Ed Black: It sounds to me like this is another one of those situations where your ability to roll up your sleeves and really be practical because of your hands-on experience in these markets really pays dividends—but do I have that right?
Ed Baer: I’d certainly like to think so. The traditional custody model talks about securing assets and things like that, and so when you have an equity security or a bond, you can represent that on your books by having a book entry through an official depository so there’s evidence. With digital assets, the evidence is a little harder to prove because it’s essentially a private key paired with a public key on this public blockchain where other people can see that it’s there. How do you evidence control over that, and how do you keep that secure? It involves rapidly evolving technologies. They talk about cold storage, which is things that are completely offline—not connected to the internet anywhere. Then they talk about warm storage, where in order to facilitate transactions, you have to be somewhat connected.

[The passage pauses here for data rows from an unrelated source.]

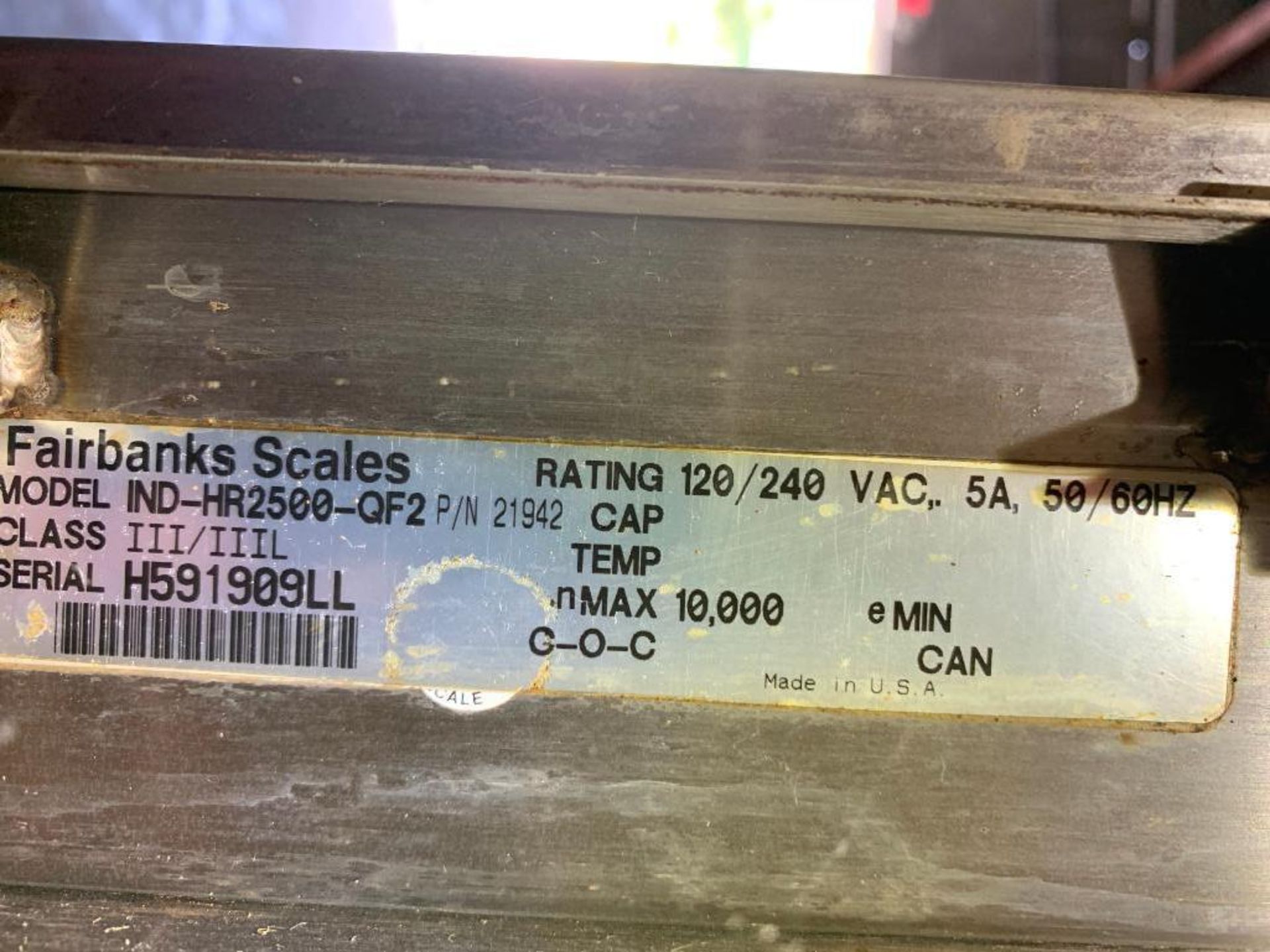 Fairbanks Rail Scale, 6 ft. Rail With Intalogix Head, Model IND-HR 2500-QB2 - Image 3 of 6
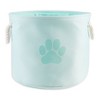 Bone Dry Collapsible Soft Round Pet Storage Bin Paw Print, Aqua, Medium - 4 of 4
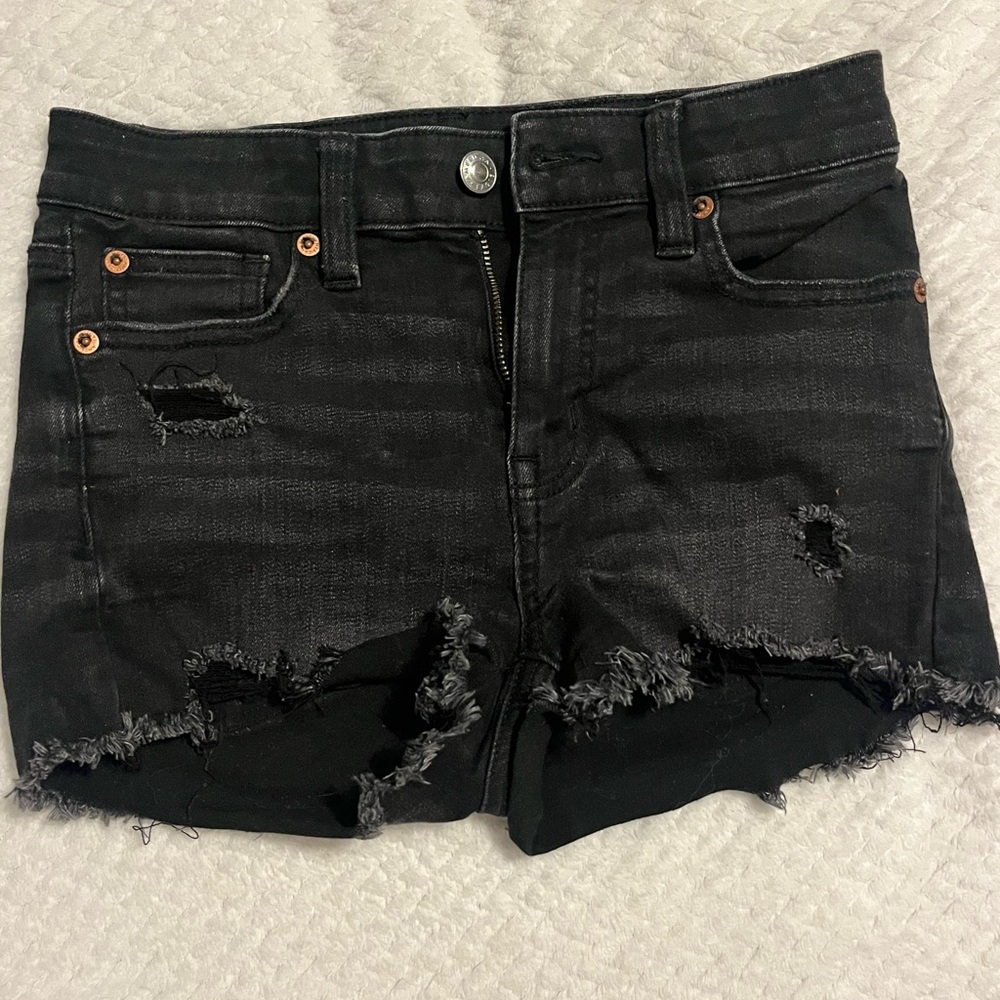 American Eagle Black Ripped Jean Shorts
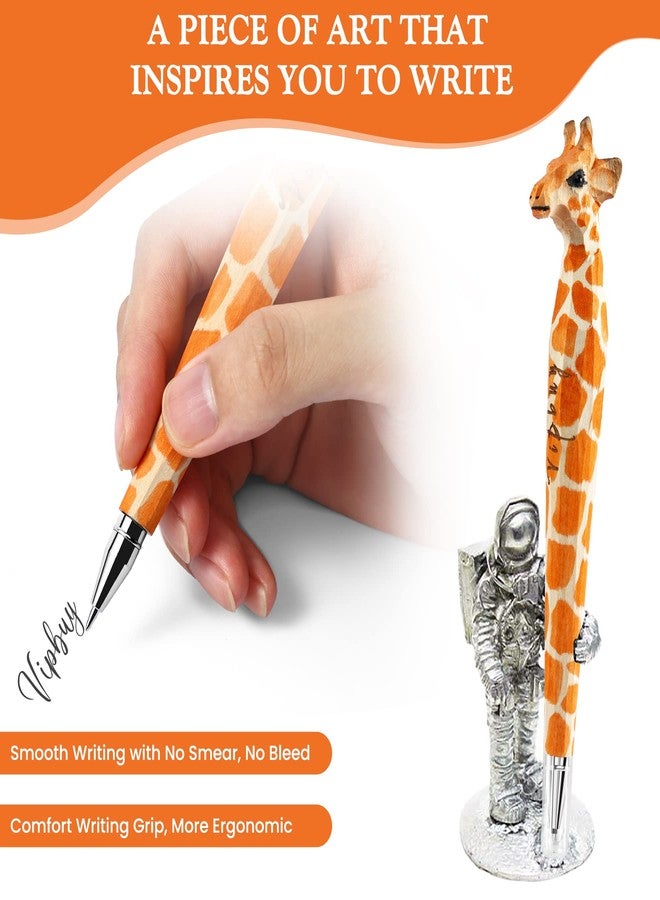 VIPbuy 2 Count 100% Handmade Wood Carved Gel Ink Pens -Novelty Refillable Writing Pens Office School Supplies Birthday Christmas Gift, Giraffe - Image 4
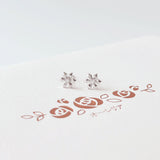 Silver Blossom Snowflake Earrings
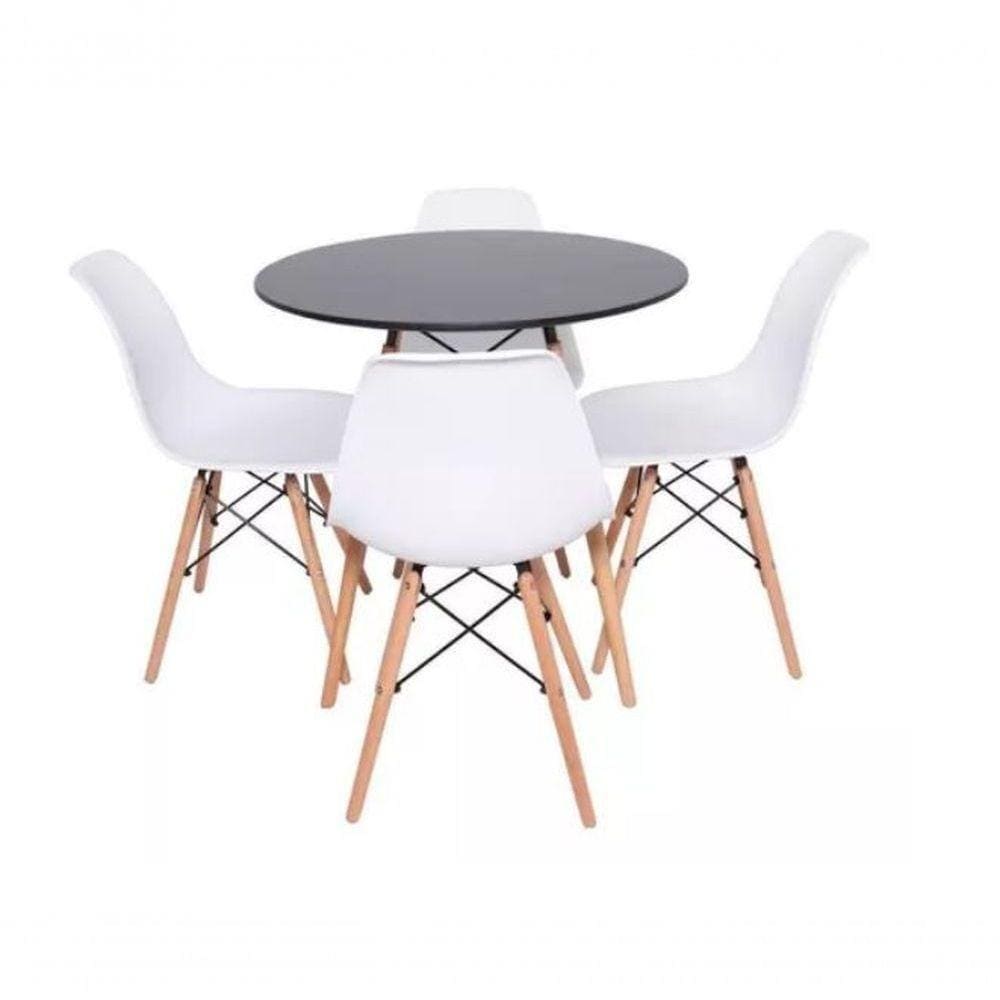 Kit Mesa Jantar Eiffel 80cm Preta 4 Cadeiras Branca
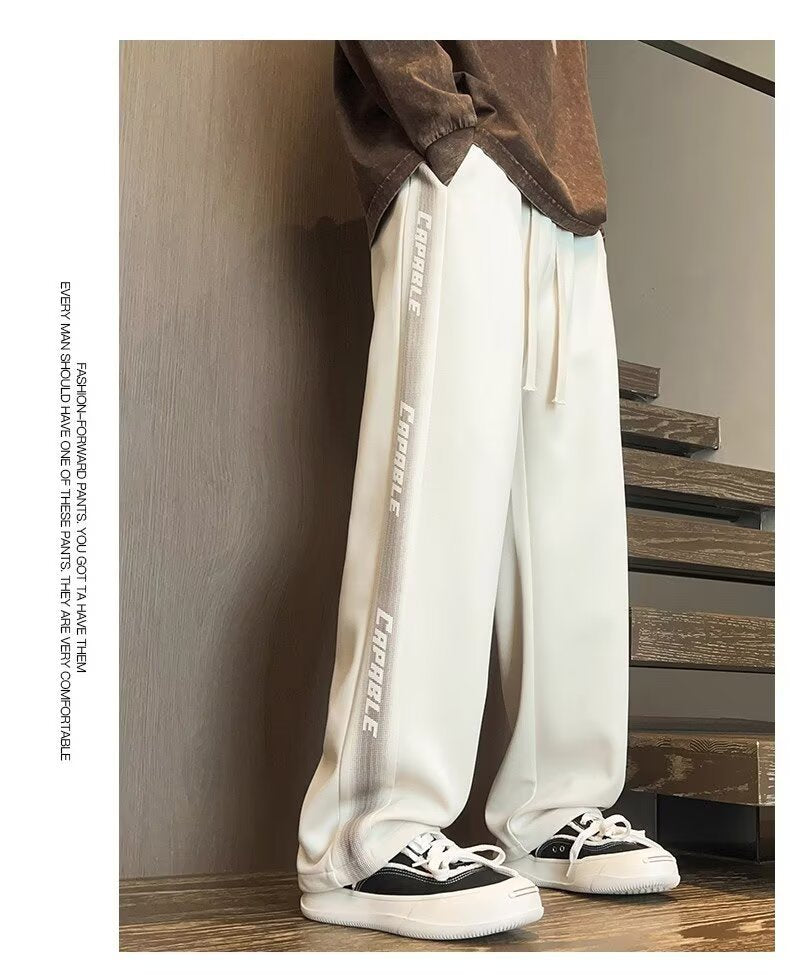 American-Style Patchwork Sports Pants for Men, Autumn Ins Trendy Brand, Versatile Loose Straight-Leg Wide-Leg Casual Long Pants for Teenagers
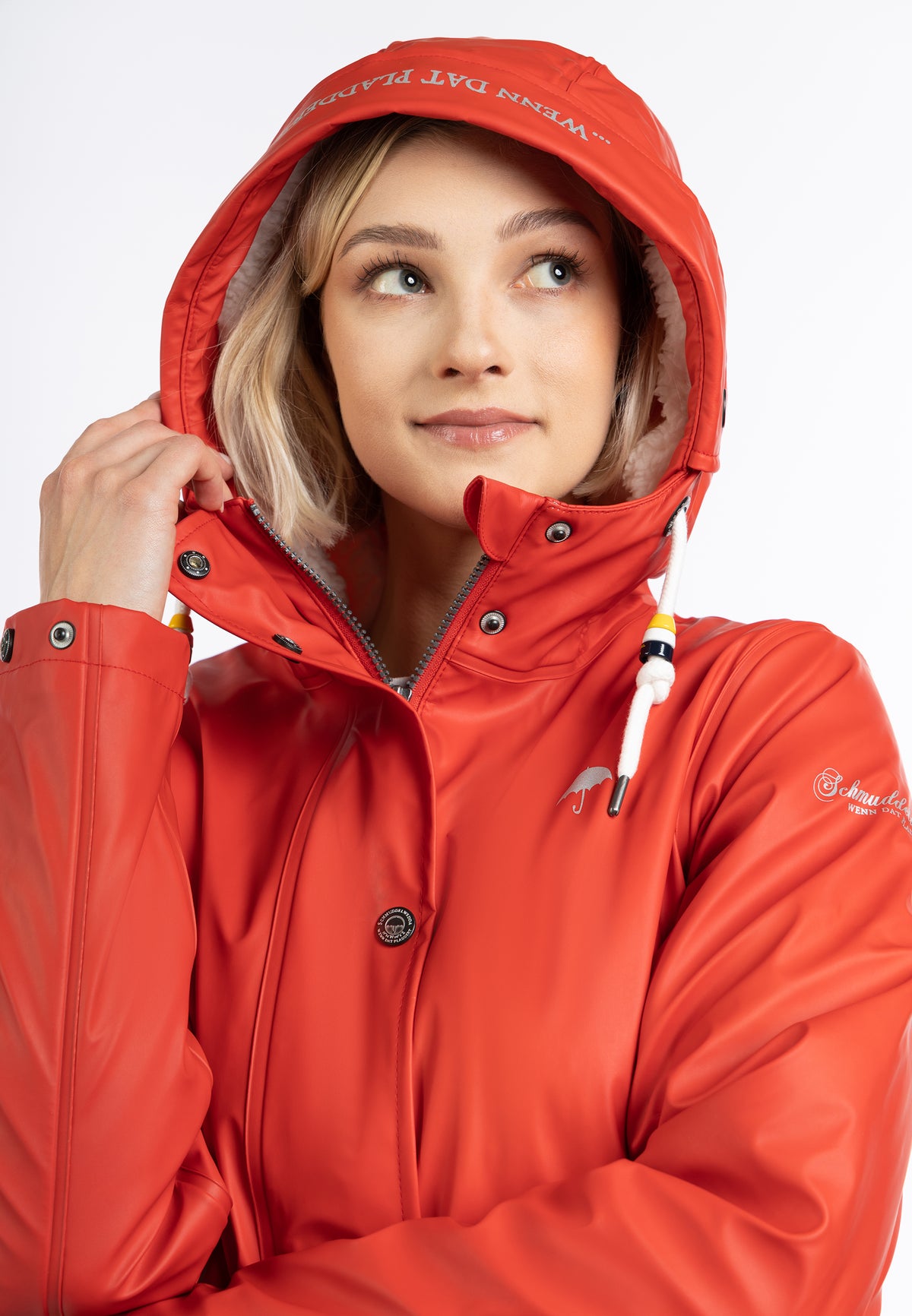 Schmuddelwedda Damen-Regenmantel mit Teddyfutter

And so, you have to sort of move between the warm storage and cold storage. You have to have these various controls in place (multi-signature controls) and things like sharding of private keys, where you break the private key up into pieces so that you keep it secure, and it requires two or more people to get together to act on the digital asset. So, it’s a really interesting space.
Ed Black: Fascinating stuff. All right, let me ask one more question. At least based on what I read in the papers, when you look at the advantage of ETFs, one of the reasons ETFs have swept the market in a way is because they’re administered on an automated basis—that is, they’re a set investment strategy, a set investment equation, and that dramatically decreases administrative costs. You’re not paying for anybody’s judgment, and especially in the liquid markets for ETFs, they can be something that performs for the investor with very, very low-cost infrastructure. You look at that the rest of the world outside of ETFs, candidly, people are moving to robo-advisors, to model platforms, to all these other things that aren’t ETFs but have that same highly automated profile, frankly, high-efficiency in terms of cost. Are you engaged at all with that aspect of the way technology is affecting markets—the automation of what used to be called “discretionary” investment management?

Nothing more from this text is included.